Most of the dogs I've seen in schutzhund have been sixty to ninety pounds, all German shepherds. A full grown man, running from the dog, will often get dropped when it latches onto his arm, but not necessarily. Usually, when chasing a person, the dog will lunge, grab the arm, and hang. The smaller the person and the bigger the dog, the more likely the person will go to the ground. The schutzhund and police dogs are trained to hang on to that arm once the guy is down, and not do anything else. So, if it's a trained dog, multiple bites are much less likely than an untrained dog.

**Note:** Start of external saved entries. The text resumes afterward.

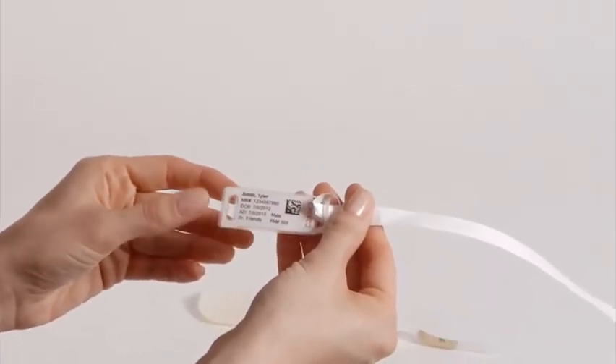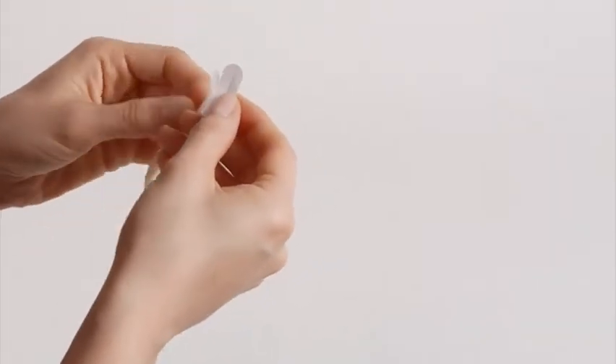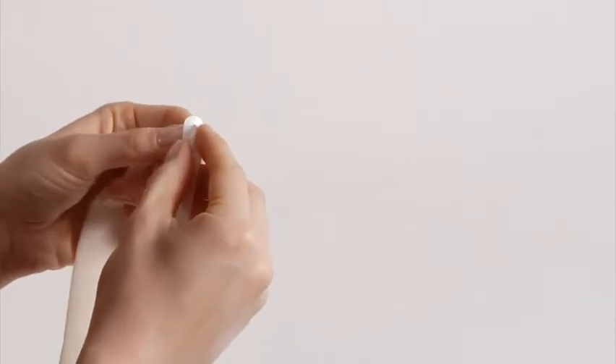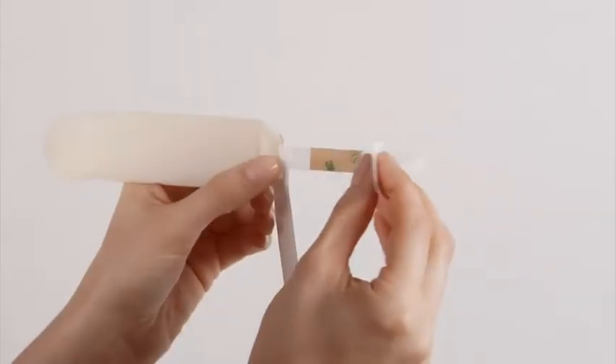To attach the swaddle band to the Comfy Cuff, insert the end of the swaddle band with the smaller slot onto the Velcro tab of the Comfy Cuff. Then slide the second ID tag onto the Velcro tab.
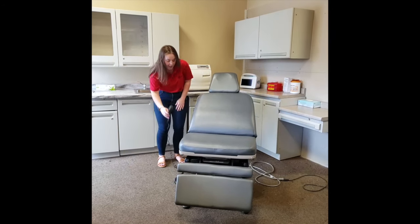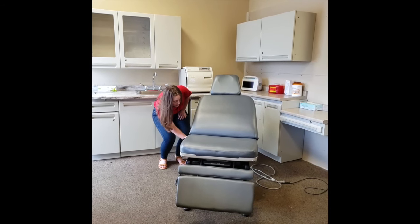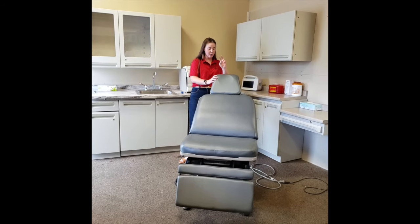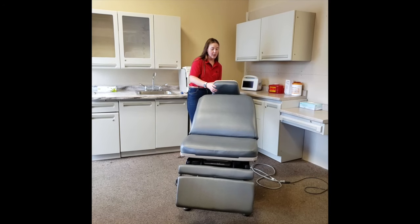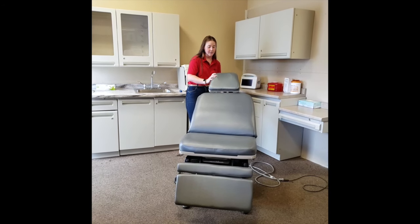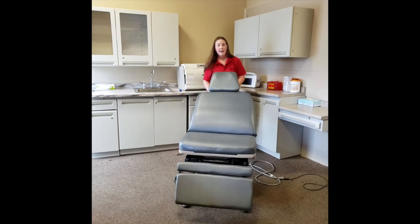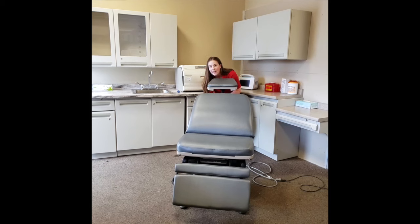These are all the automatic features on the chair, but there are a few manual ones as well. In the back, we can adjust our headrest. There are two levers — the first one you pull backwards, adjust the headrest, and then push it forward to lock it. The second lever will address the base of the headrest.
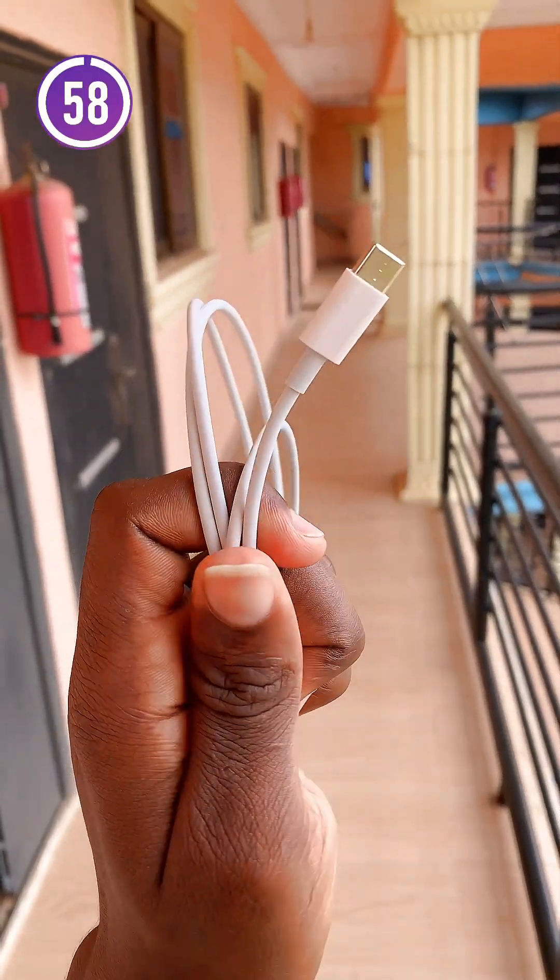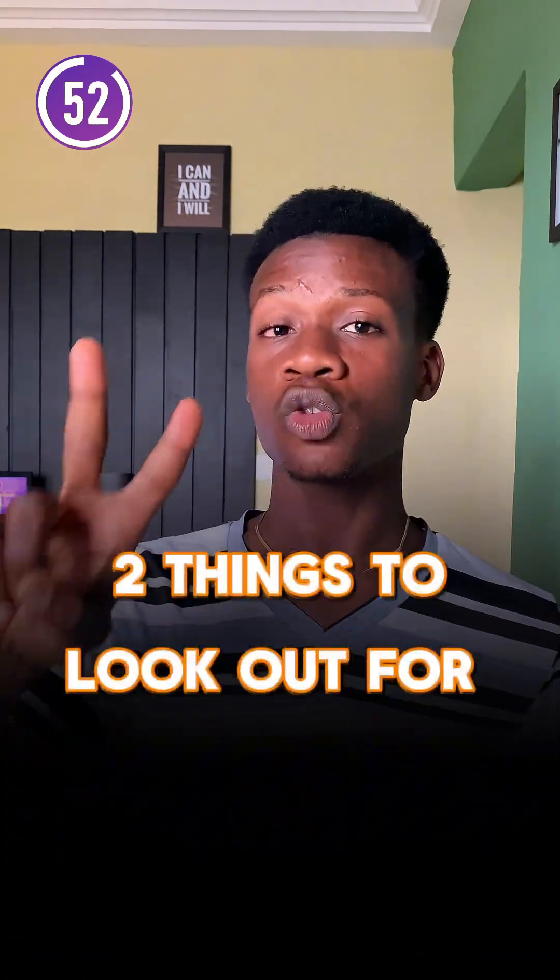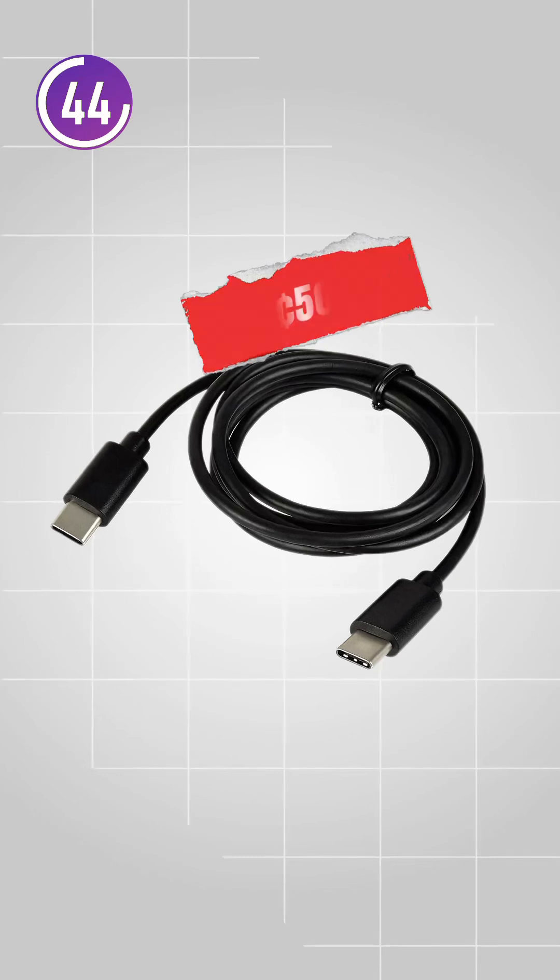If you use a USB-C cable for charging your phone, laptop, or any other gadgets, or maybe yours is poor and you are planning to get a new one, these are two things to look out for to see if it is an original or a fake cable. Most people don't really care much about this, so sometimes they end up being sold the fake ones for the price of the original, and then after some time the cable suddenly stops working.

I haven't seen any untrained dog attacks, so I'm not sure how that would go down. However, I find it likely that the dog would go for the legs in that scenario.

As to self-defense scenarios involving dogs, the police canine handlers I've talked to all recommend not running, and kicking the dog with the point of your toe (if you're wearing shoes). You want to kick the dog in either the sternum or the ribs, as dogs have less muscle in those places to protect them. A good kick to the sternum can kill a dog, and a kick to the ribs is likely to break them. However, if you have a dog that is dead set on killing you, then it will probably take significantly more force than that to deter it.